Somewhere between an unhinged "hum-bayo" and a riotous "hi-yoo," one writer learns what it means to sound like herself

I’ve always squeaked. My voice is high, like baby cartoon high, something that’s been pointed out to me since middle school. Back then, I imagined my distinctive soprano made me seem more feminine, and I leaned into it. It was a voice that suited the times and the expectations—the perfect “girl voice.” Decades later, the times have changed. But my squeak lingers on— forgotten, mostly, save for these last few months of video calls, which have redrawn my scrutiny and resurfaced old insecurities around what premier Hollywood vocal coach Roger Love describes as a pitch that is too dully monotone, too quiet.

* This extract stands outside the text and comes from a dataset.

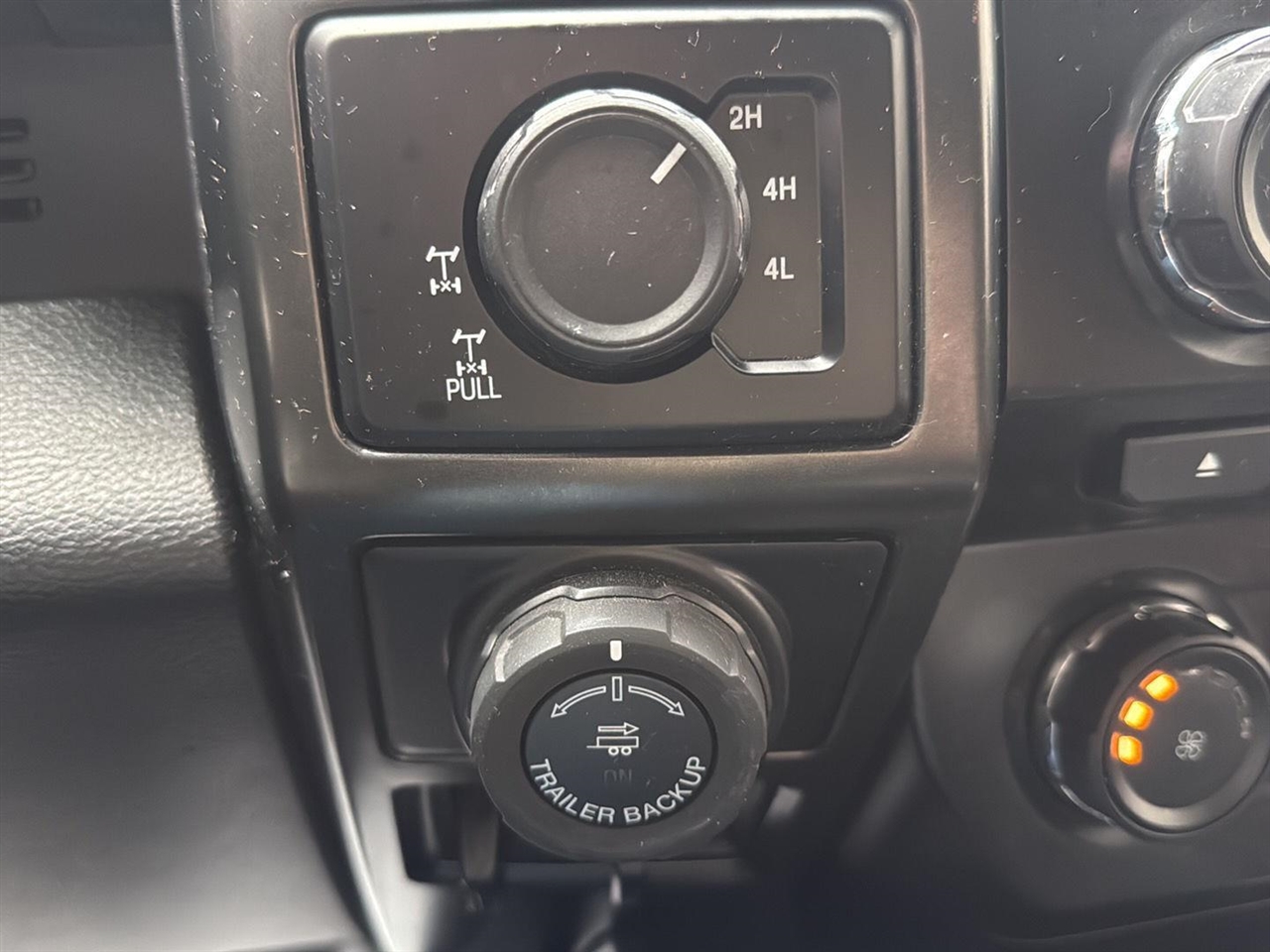 Ford F-150 4WD SuperCrew 145" King Ranch 2016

Love, by contrast, has a voice like molten honey. Warm and rollicking, it ripples through the Zoom call I’ve set up to try to address the Minnie Mouse situation after all these years. “If I had an airy thin voice that didn’t have any melody, no dynamics to it, people wouldn’t listen to me,” he purrs. Most of us craft a voice to suit a single part of our character, he continues, but it’s never versatile enough to reveal all of who we are. “Here’s you,” he says, launching into a feathery falsetto, and doing a fairly excruciating impersonation. “‘I’ve created this voice that is very good for high tea. Very proper. Classy. Excitable, a little, maybe, but very proper.’” I let that sink in for a moment. “Now, I want you to get louder and edgier,” he commands with the theatricality of a B-movie buccaneer. “Say, ‘I want to fill up the room with me!’” I oblige, and we do this for a while. The crux, he says, is that I sputter along instead of sending my sound out on a consistent stream of breath, a weakness that can be remedied by breathing deeply with my diaphragm. I could transform my voice right here, right now, Love suggests. Then he does the ‘me’ voice for a third time.

That night, sucking down enough air to distend my belly, I tried out the technique on my husband. “Wearesupposedtospeakontheoutbreath,” I boomed. He gamely gave it a try. “Butwesoundsuperhigh,” he shouted back. The next day, I didn’t speak much at all. I nodded at the kids and sat silently through a strategic video call, meanwhile judging everyone else on the screen. Upper left corner: zero melody. Bottom right: shallow breather. Center square: creaky, low volume.

To delve a little deeper, I called my friend Meg Chittenden, a somatic voice educator—and the kind of person who sings while wandering the Maine woods, losing track of whether she is sounding, or the forest is sounding through her. She was a little mystified by my pursuit. “My relationship with the voice is definitely not results oriented in that way,” she says warmly. “There is so much delicate coordination in the throat, and it’s an area that stores traumatic experience, first because the voice is restricted by trauma, but the restriction itself also causes trauma.” Women in particular have vocal constriction, she adds, “due to the way our culture responds to the female voice.”